Work instructions | Quote exactly the lines spanning from the top of the data below to the line that contains "2/3-Piece Soft Luxury", including both.

━━━ Source data

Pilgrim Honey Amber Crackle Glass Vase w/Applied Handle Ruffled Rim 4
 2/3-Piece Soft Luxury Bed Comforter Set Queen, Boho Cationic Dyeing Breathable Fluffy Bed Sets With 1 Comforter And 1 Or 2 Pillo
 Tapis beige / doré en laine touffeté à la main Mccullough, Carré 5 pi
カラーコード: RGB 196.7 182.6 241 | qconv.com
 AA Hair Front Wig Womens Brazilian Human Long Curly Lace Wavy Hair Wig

━━━━━━

Solution to this exercise |
Pilgrim Honey Amber Crackle Glass Vase w/Applied Handle Ruffled Rim 4
 2/3-Piece Soft Luxury Bed Comforter Set Queen, Boho Cationic Dyeing Breathable Fluffy Bed Sets With 1 Comforter And 1 Or 2 Pillo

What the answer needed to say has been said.